Rest easy on at least the first question. It really is possible, if you want, to make Pizza Dough of True or Knightian Uncertainty. But maybe more needs to be said about flour for that to be clear.

As I suggested last week, dough can be made more or less uncertain depending on what flour you choose to make it from. Highly refined 00 flour milled from strong monocultural wheats makes a predictable dough; flour stoneground from population wheats makes a less predictable dough. Nothing new so far.

When I wrote about population wheats in a previous issue (#15), it was to emphasize that “population wheat fields aren’t prone to complete failure like monoculture wheat fields can be—in fact, that their yields are relatively stable from year to year despite dramatically different growing conditions,” and that, as systems, they were “less—not more—fragile.”

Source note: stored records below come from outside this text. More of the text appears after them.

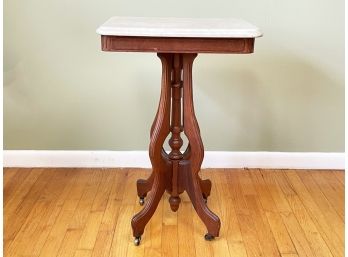 An Edwardian Carved Mahogany Marble Top Side Table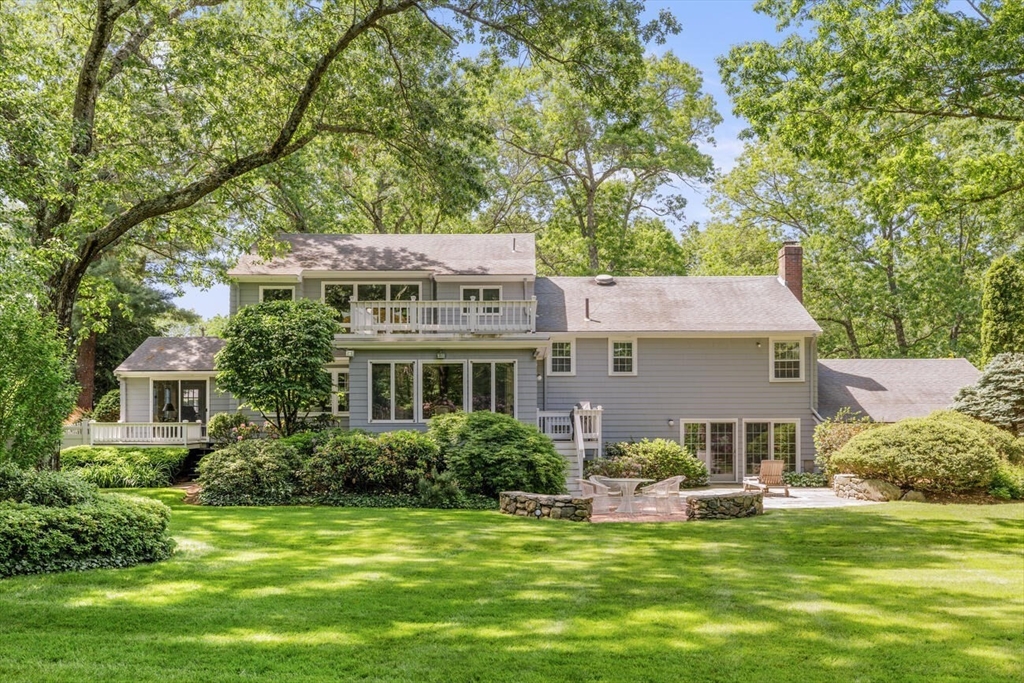 20 Windsor Road Needham, MA 02492 - Photo 26 of 29 a front view of a house with a garden and trees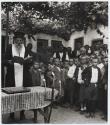 [Greek Orthodox priest conducting services for children being evacuated from the village of Promahi]
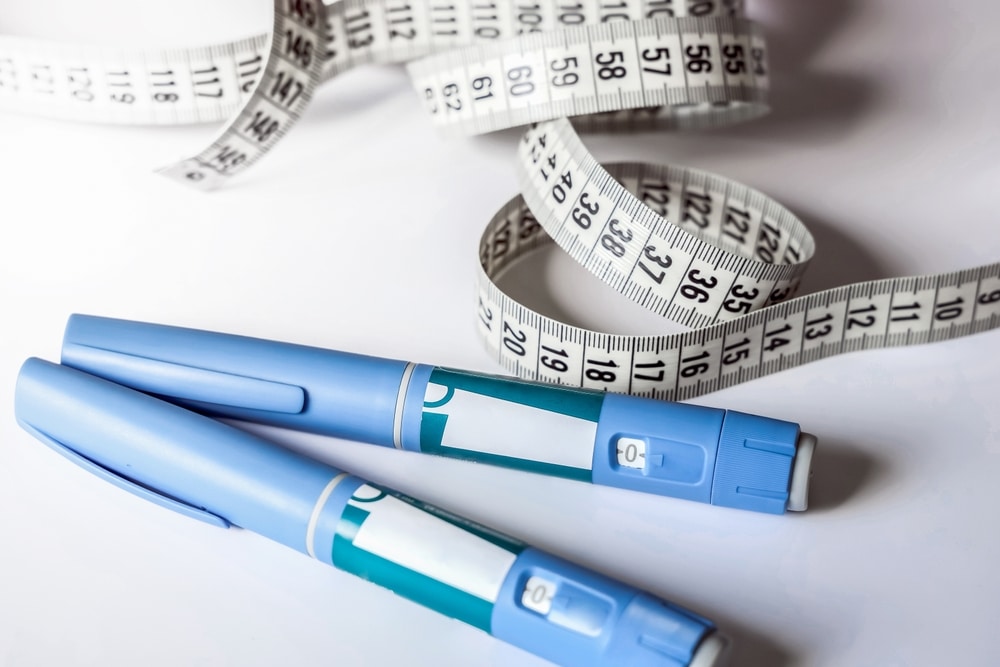 GLP-1 injection pens with measuring tape representing medical weight loss treatment and compounded therapy options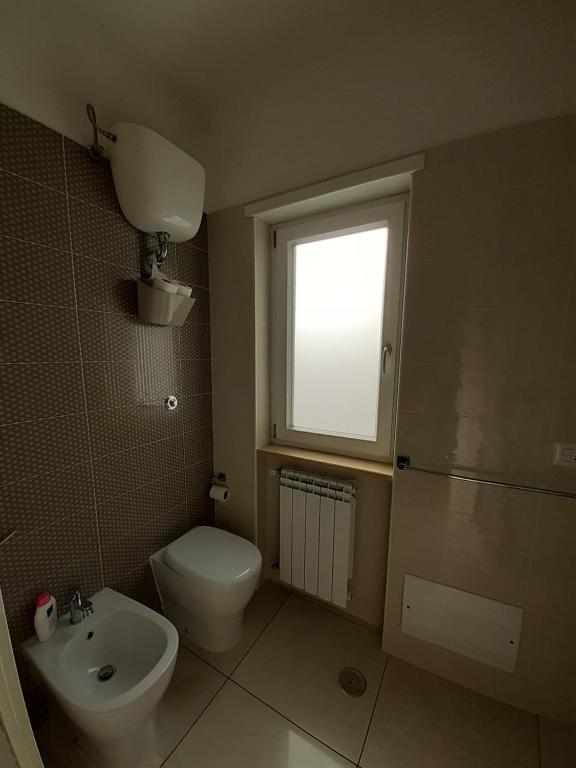 a bathroom with a toilet and a sink and a window at San Marco Beach App Libeccio in Agropoli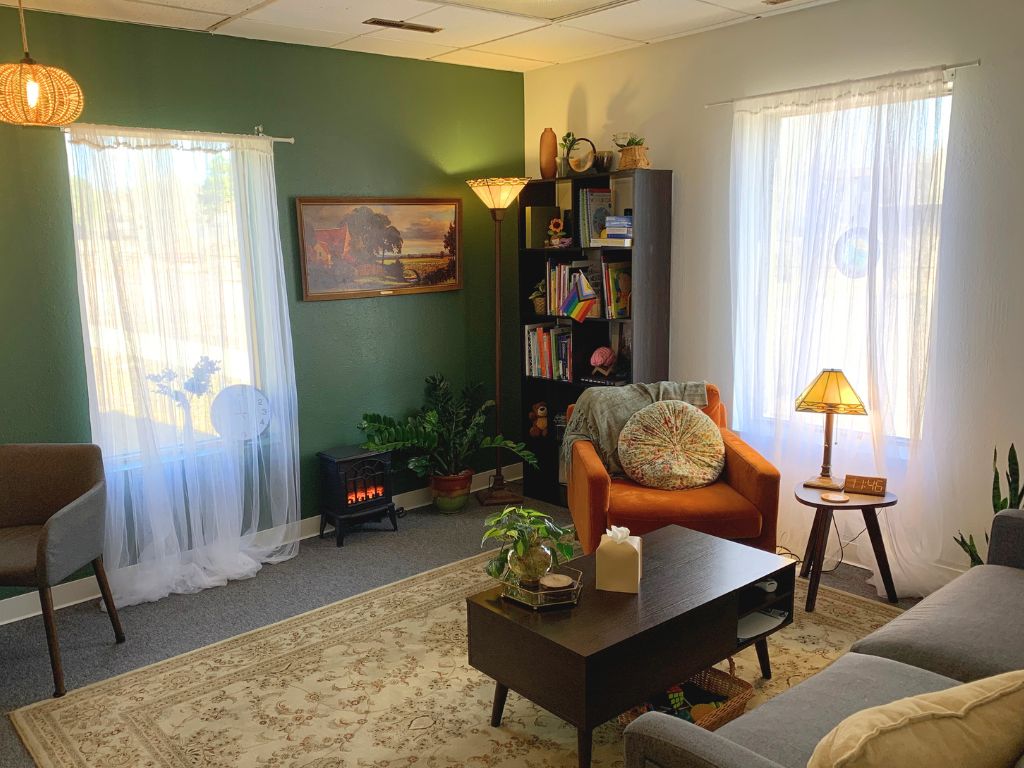 Office space for thereapy with green walls, cream rub, a wooden coffee table, and an orange chair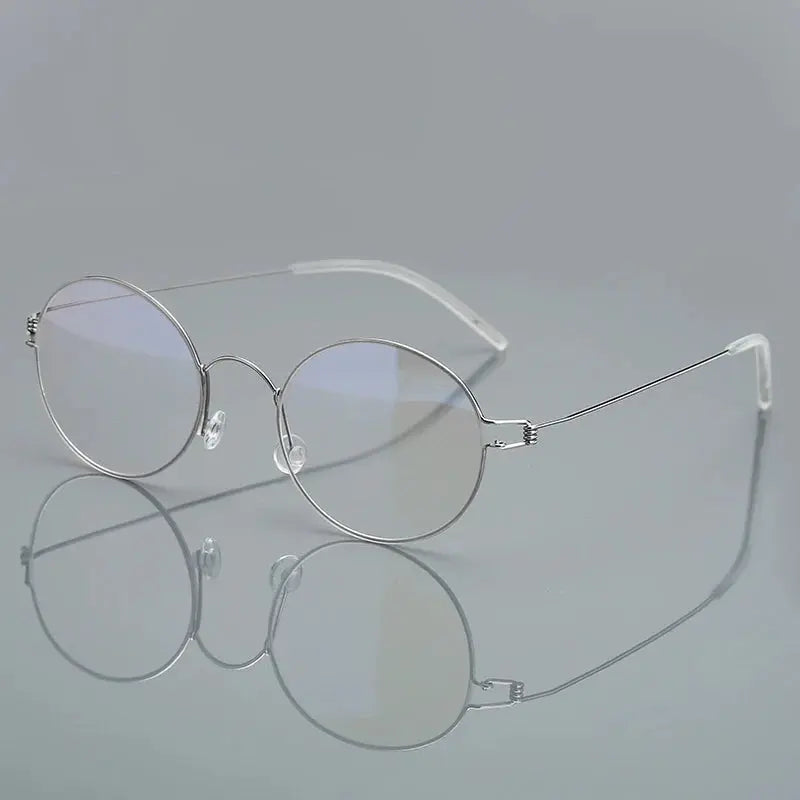 Women's Round Full Rim Titanium Screwless Prescription Glasses 76602 — view 5 | Rx Spectacle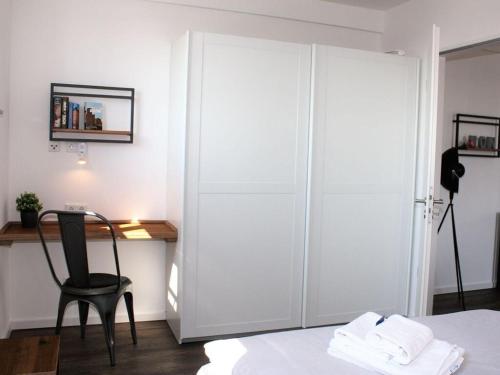 a bedroom with a large white closet and a chair at Old town view in the Ohlerich warehouse in Wismar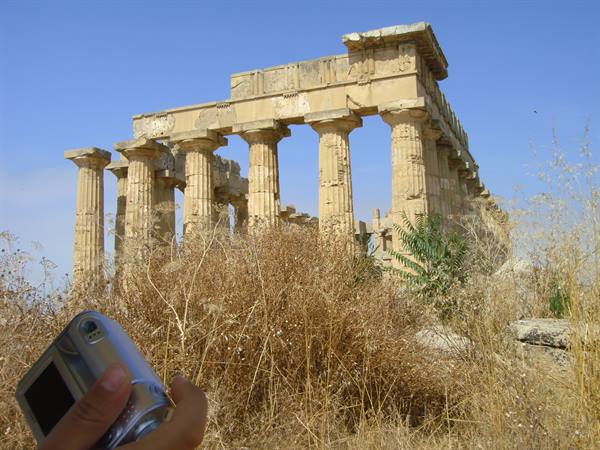 Hand holding camera before the Doric columns of Selinunte temple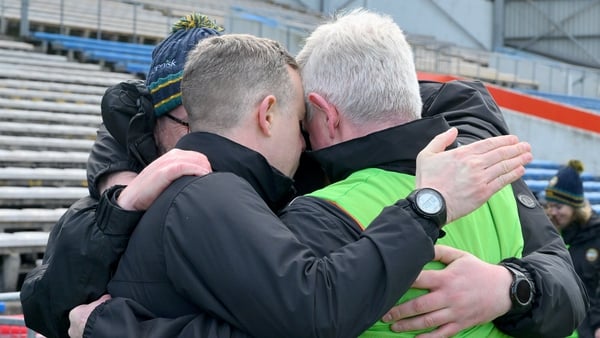 Offaly manager Martin Murphy, in the green vest, and his selectors take a moment to remember Liam Kearns after the game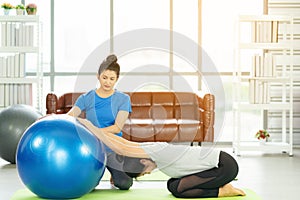 Woman working out with fitness ball of sportswomen practicing yoga. Stretching using fitness ball at home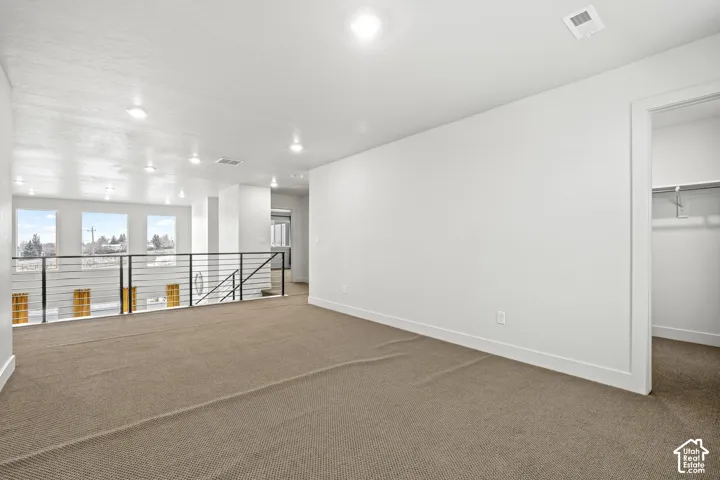 Bonus loft area featuring light colored carpet and recessed lighting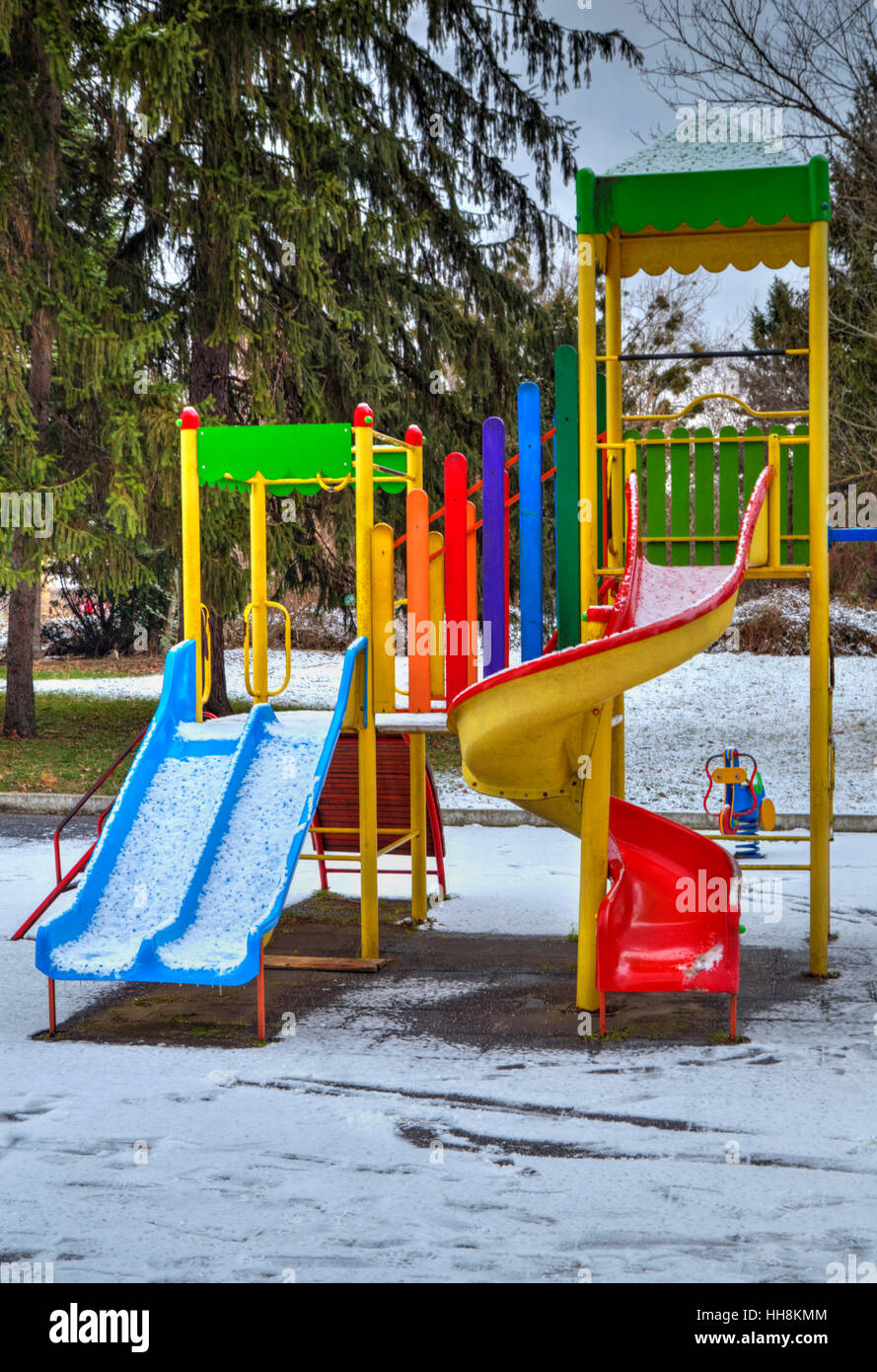 Children's playground covered with snow in winter Stock Photo - Alamy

Imagine a field seeded at the beginning of the growing season with a mixture of hundreds of varieties of wheat saved from the previous harvest. During the growing season, temperature, rain, and many other influences change how these varieties compete with each other and which varieties are more successful. While individual wheat plants in the field may not do so well, the diverse population as a whole does well under a broad range of growing conditions.

The adaptability and robustness of a population wheat is inextricably intertwined with its unpredictability. (This is for the same reasons as why diverse organizations or cities are more adaptable and robust.) While the grower of a population wheat knows abstractly what kinds of wheat are growing in the field, the precise actual composition of wheats in the field at harvest time is practically impossible to determine.

Choosing a stoneground flour means choosing flour containing unpredictable particle sizes and parts of the wheat berry. This is almost an unavoidable product of how stone milling (vs roller milling) works. Choosing a stoneground population wheat flour layers more unpredictability into the equation.

But there’s more.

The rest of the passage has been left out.